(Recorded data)
........

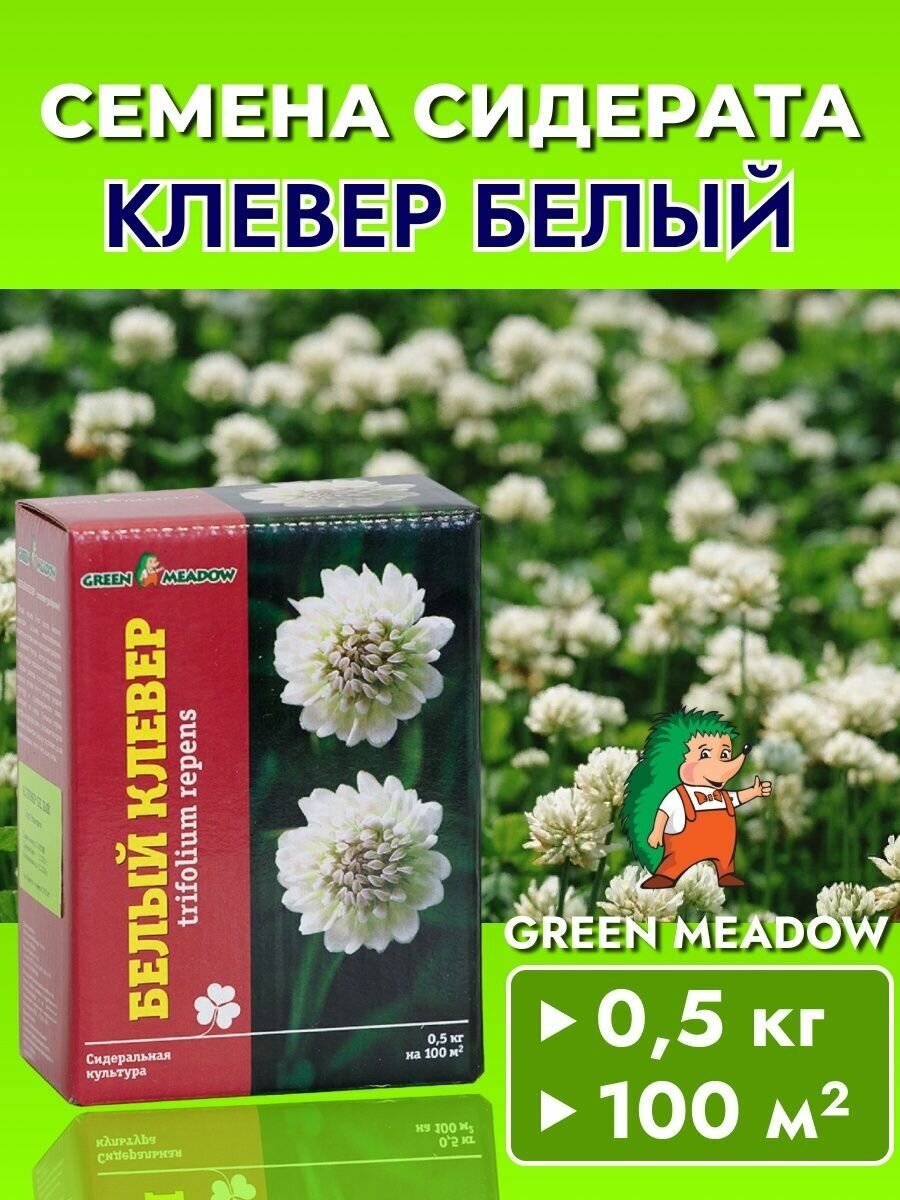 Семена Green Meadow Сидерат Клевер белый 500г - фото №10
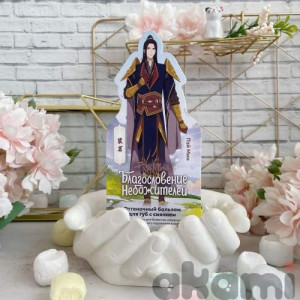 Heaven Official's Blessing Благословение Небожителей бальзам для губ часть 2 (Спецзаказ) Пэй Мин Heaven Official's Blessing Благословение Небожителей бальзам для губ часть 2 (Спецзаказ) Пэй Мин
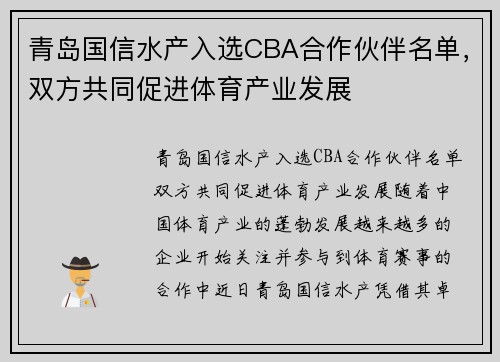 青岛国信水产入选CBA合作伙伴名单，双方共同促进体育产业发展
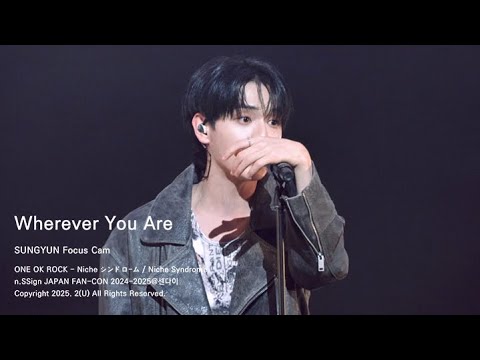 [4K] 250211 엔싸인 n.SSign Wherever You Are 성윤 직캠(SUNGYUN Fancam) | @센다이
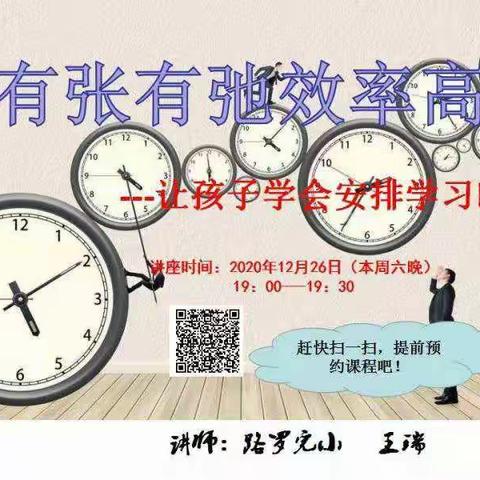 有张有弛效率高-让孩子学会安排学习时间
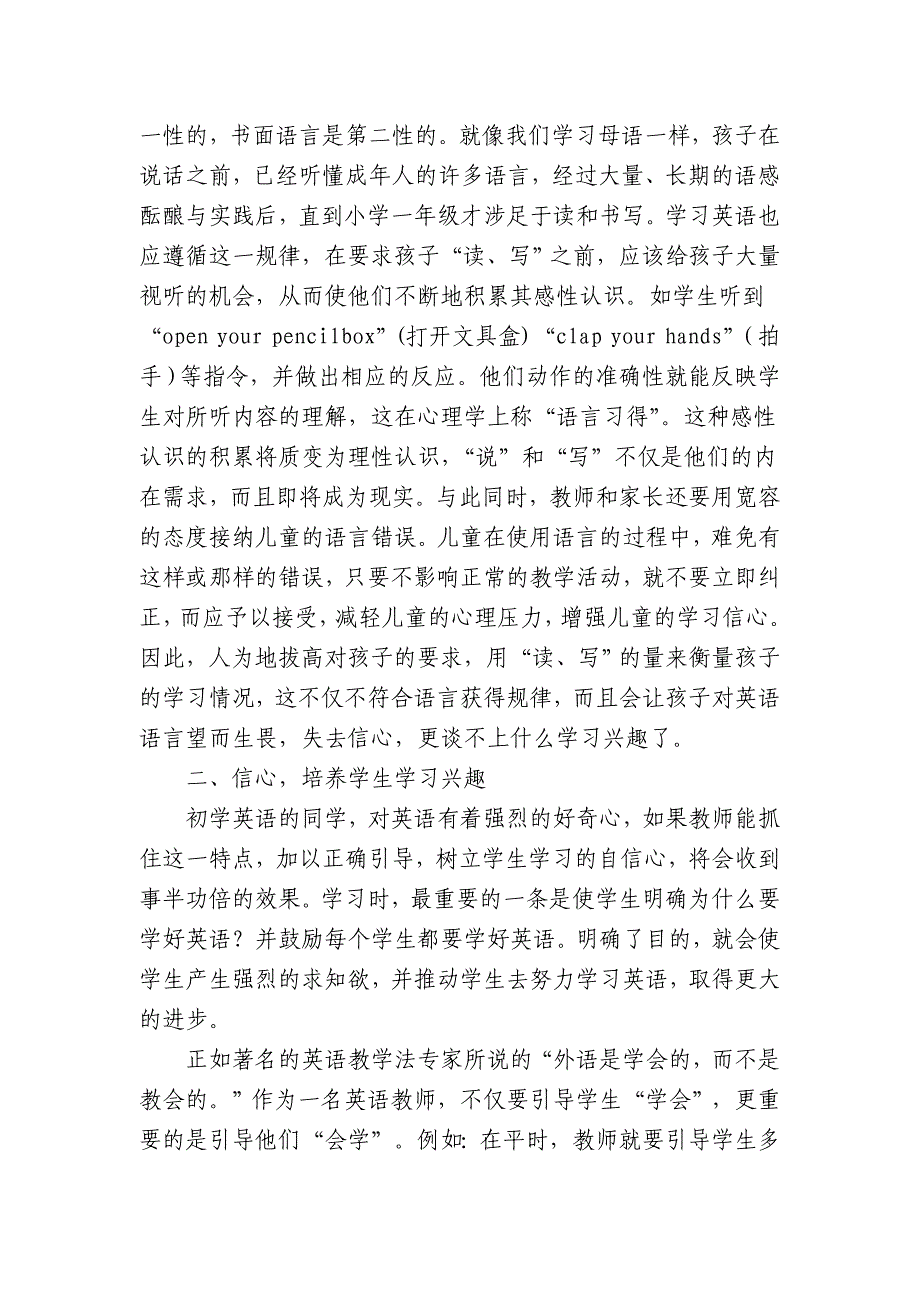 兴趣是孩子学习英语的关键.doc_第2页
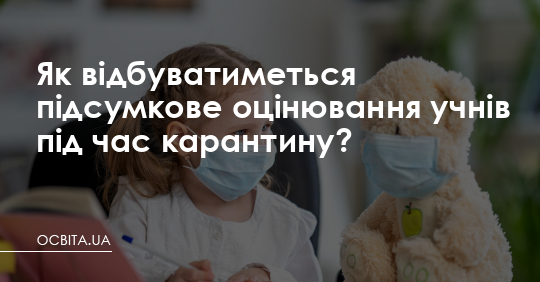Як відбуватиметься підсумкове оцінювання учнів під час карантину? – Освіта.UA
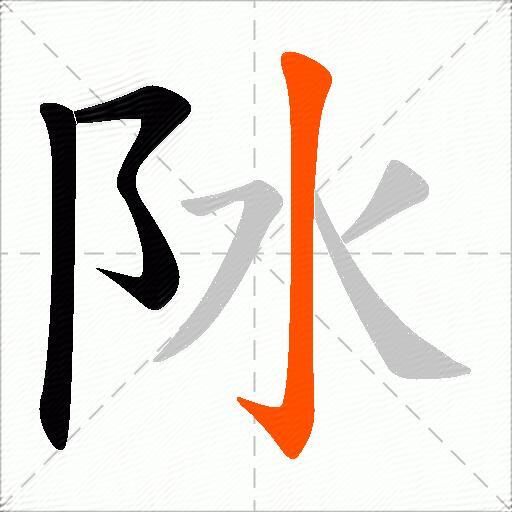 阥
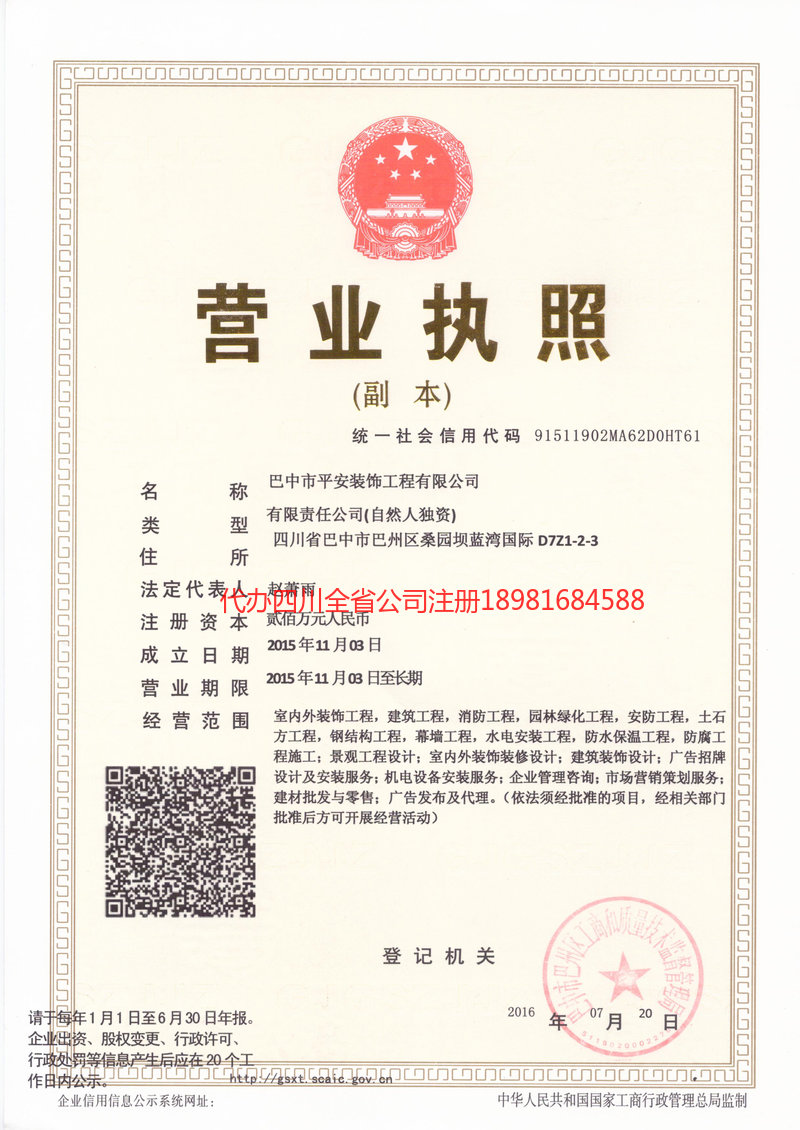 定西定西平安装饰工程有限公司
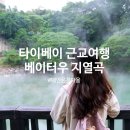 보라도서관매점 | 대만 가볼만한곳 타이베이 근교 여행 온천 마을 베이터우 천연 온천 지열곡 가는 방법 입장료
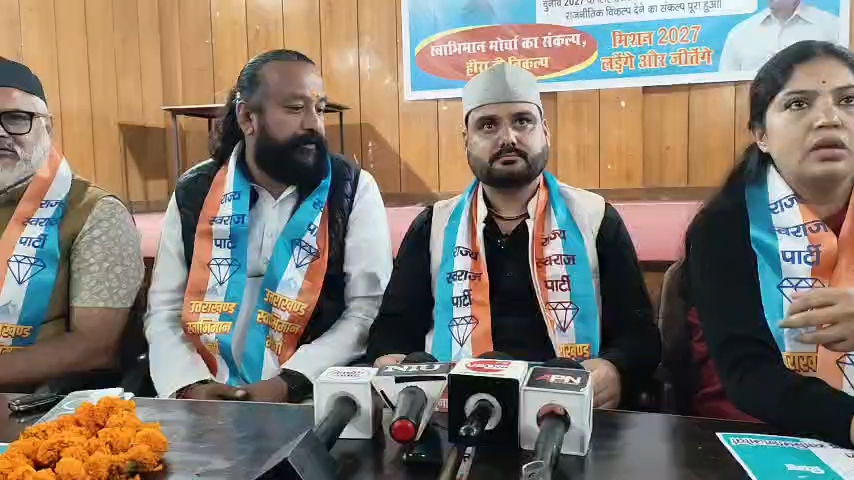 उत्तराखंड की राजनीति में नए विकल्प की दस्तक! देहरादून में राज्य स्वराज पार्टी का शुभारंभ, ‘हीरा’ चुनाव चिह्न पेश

........

*Exercise instructions*
Each line from the one bearing "Пэй Мин Heaven" through the final line of the records is to be copied exactly, and no pictures are to be included.

*Answer to this task*
 Heaven Official's Blessing Благословение Небожителей бальзам для губ часть 2 (Спецзаказ) Пэй Мин Heaven Official's Blessing Благословение Небожителей бальзам для губ часть 2 (Спецзаказ) Пэй Мин
 青岛国信水产入选CBA合作伙伴名单，双方共同促进体育产业发展
 [4K] 250211 엔싸인 n.SSign Wherever You Are 성윤 직캠(SUNGYUN Fancam) | @센다이
 有张有弛效率高-让孩子学会安排学习时间
 兴趣是孩子学习英语的关键.doc_第2页
Як відбуватиметься підсумкове оцінювання учнів під час карантину? – Освіта.UA
 阥
 定西定西平安装饰工程有限公司
 보라도서관매점 | 대만 가볼만한곳 타이베이 근교 여행 온천 마을 베이터우 천연 온천 지열곡 가는 방법 입장료
 उत्तराखंड की राजनीति में नए विकल्प की दस्तक! देहरादून में राज्य स्वराज पार्टी का शुभारंभ, ‘हीरा’ चुनाव चिह्न पेश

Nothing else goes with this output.